Dell First Editions included novels by John D. MacDonald, Fredric Brown, Jim Thompson, Elmore Leonard and Charles Williams.

==Comic strip reprints==
In 1947, Dell published two unnumbered paperbacks based on newspaper comic strips, Blondie and Dagwood in Footlight Folly and Dick Tracy and the Woo Woo Sisters. Both are popular with collectors today.

==Dell today==
Dell Publishing no longer exists as an independent entity. Dell was acquired by Doubleday in 1976. Doubleday was acquired by Bertelsmann in 1986, who formed Bantam Doubleday Dell as its US subsidiary. Bertelsmann acquired Random House in 1998 and renamed its US business after the acquisition. After the merger, Bantam was merged with Dell Publishing. In 2001, Random House purchased Golden Books' book publishing properties effectively reuniting the remnants of Dell and Western Publishing. Bantam Dell became part of the Random House publishing group in 2008. Ballantine Books was merged with Bantam Dell in 2010. In 2013, Random House merged with Penguin to form Penguin Random House.

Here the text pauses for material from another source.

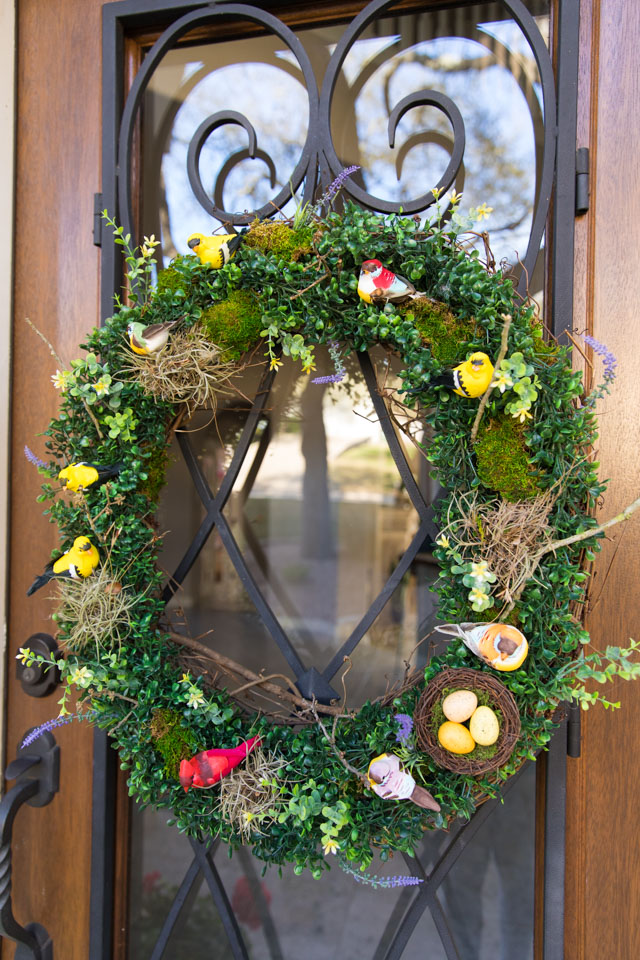 Make a beautiful spring wreath with faux birds, greenery, and nature elements. #birdwreath #springwreath #naturecrafts #birdcrafts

Dell Magazines was sold in 1996 to Penny Publications, and it still exists as a major publisher of puzzle magazines, also publishing science fiction, mystery and horoscope magazines.

==Imprints==
- Abyss Books
- Dial Press
- Delacorte Books (a.k.a. Delacorte Press)
- Yearling Books
- Laurel Leaf Library
- Seymour Lawrence
  - Merloyd Lawrence

==Notable publications==
- Famous Funnies: A Carnival of Comics (1933) – the first American comic book
- The New Century Family Money Book (1993)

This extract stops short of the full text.